The father said: "Look, Gerbrand; the lowest columns are so large that ten men could not encircle them. But within the temple, in the great oval centre, there are a hundred columns, far larger, that reach to the floor of the third terrace. On the groined arches resting upon those columns stand twice as many smaller pillars, which, rising somewhat higher than the gallery of the third terrace, are attached thereto by a system of buttresses. On these two hundred smaller pillars rests the enormous middle dome which over-arches the oval hall. The dome is entirely of metal. The dark blue is steel; the grey, aluminium; the bright green, bronze. The pinnacles, arches, and ornamentations are all of silver or silver-plated steel. In the four corner-spaces, between square and oval, stand four towers, having small gold-covered cupolas. Within these, elevators move up and down, and through them the water also is raised for the terraces.
"The tall tripod at the top of the dome is of bronze, and the flame is gilded bronze. The flame itself is twelve metres long, and its tip is a hundred and eighty metres above the plain."
Gerbrand, the younger son, knitting his brows as he regarded the awe-inspiring spectacle, asked: "How many people have worked upon it, father?"
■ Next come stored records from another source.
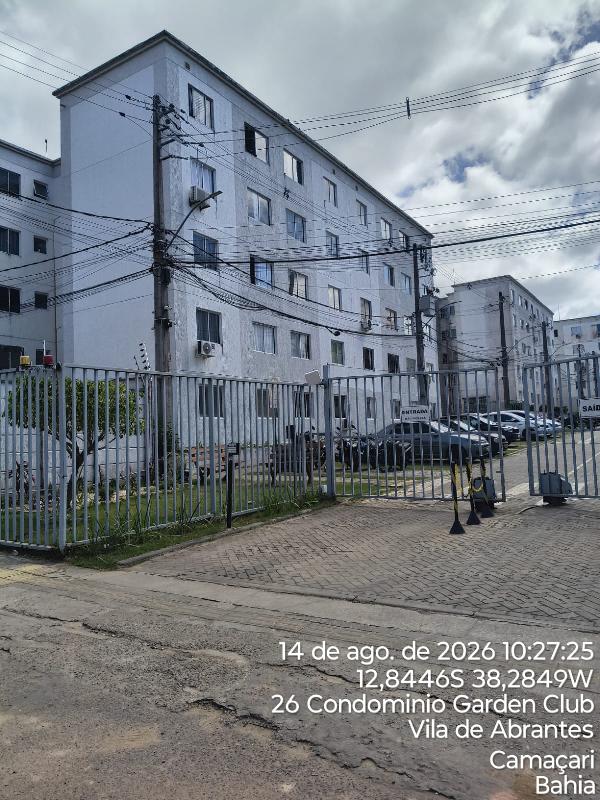 Apartamento em Camaçari, Catu De Abrantes, Rua Colonia Boa Uniao, N. Sn, Apto 301, Bl 09, BA. Área: 40.53m2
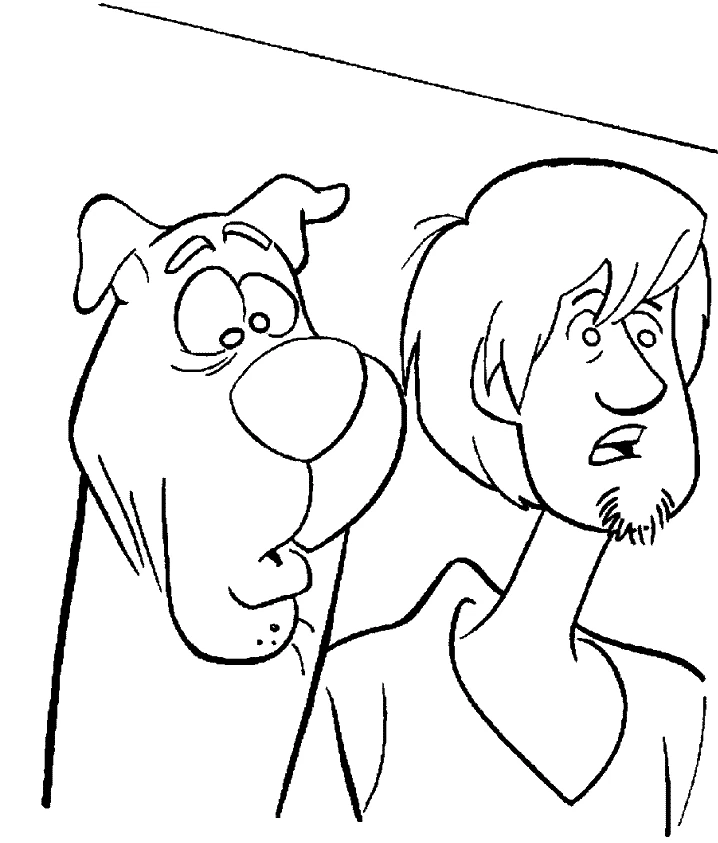 Desenho gratuito Scooby Doo #31372 da colecao Desenhos Animados e Séries Animadas para imprimir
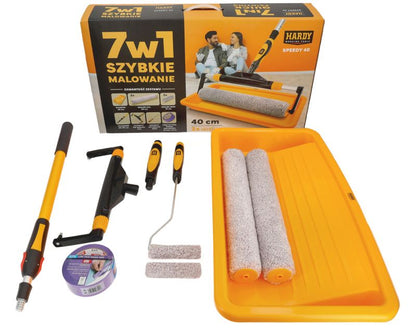 Hardy malersæt med bakke, 9 dele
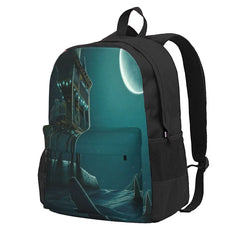 Sharks In The Water Backpacks Men's Backpacks Bags For Women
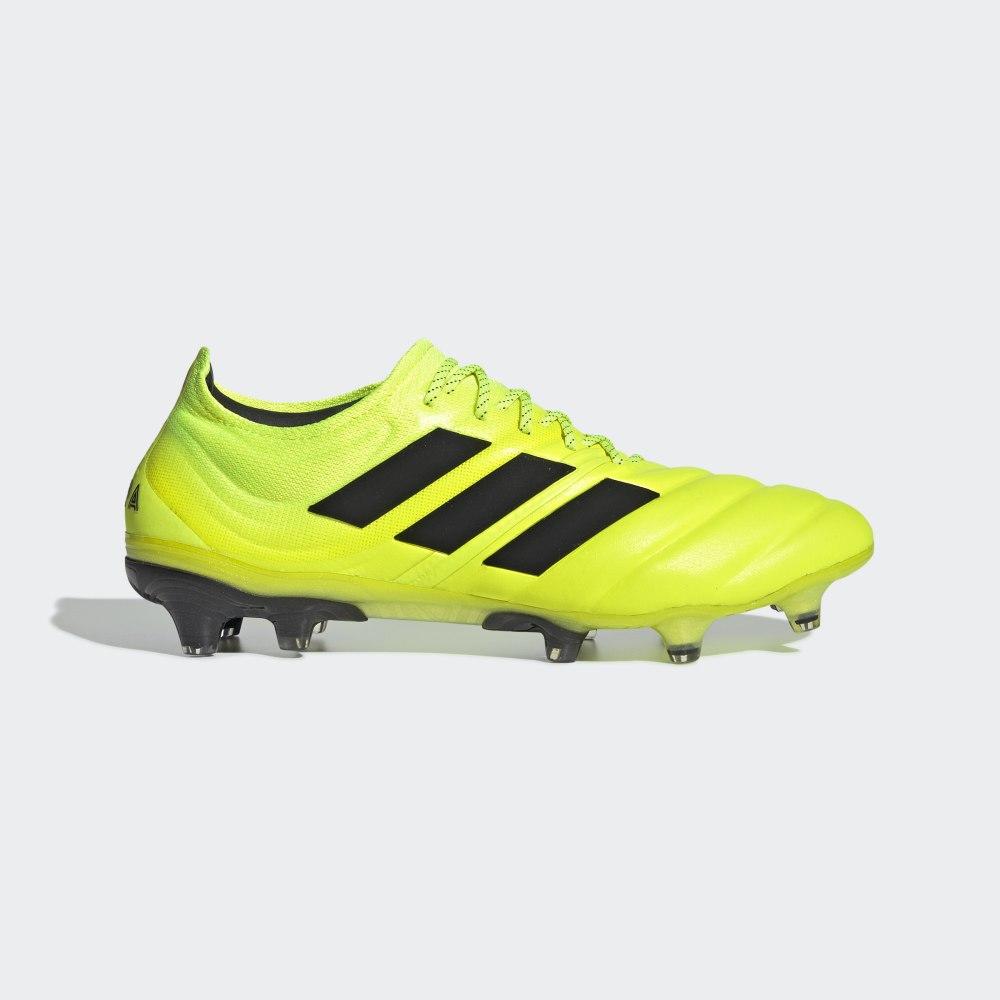 Adidas Men's Copa 19.1 Firm Ground Football Boots Yellow/Black Ireland F35519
"Oh, more than a hundred thousand, for nearly a century. But if the temple should again collapse, as once it did, ten times as many more would eagerly come, to rebuild it in less than half that time."
Drawing nearer, Johannes discerned, on the stone band beneath the first terrace, colossal silver letters, in plain Roman form. On the front a portion of a proverb was legible. The rest of it probably ran around the entire temple. Johannes retained the majestic tenor of it, although he did not comprehend the full meaning. Facing him was:
REDEUNT SATURNIA REGNA
and on the eastern side he read the first words,
IAM NOVA PROGENIËS…
This was all he could distinguish.
They entered the forest of columns, and Johannes continued to follow the trio closely. Through the solemn semi-darkness all pressed gently on toward the steps that led to the higher terraces.
On the second terrace stood thousands of statues, representing the great and famous of all the ages. Johannes was delighted to hear what the sons and their father said about them. They seemed best acquainted with the composers, then with the dramatic poets, the sculptors, the painters, and the scholars. They were most at a loss concerning the statesmen.
Gerbrand said, "Here is a warrior, father – Bismarck is his name. When did he live, and what did he do?"
Then the father said to his elder son, "Do you not know when Bismarck lived, and what he did, Hugo?"
Hugo replied, "I think he lived in Bach's time, father; but what he did I do not know."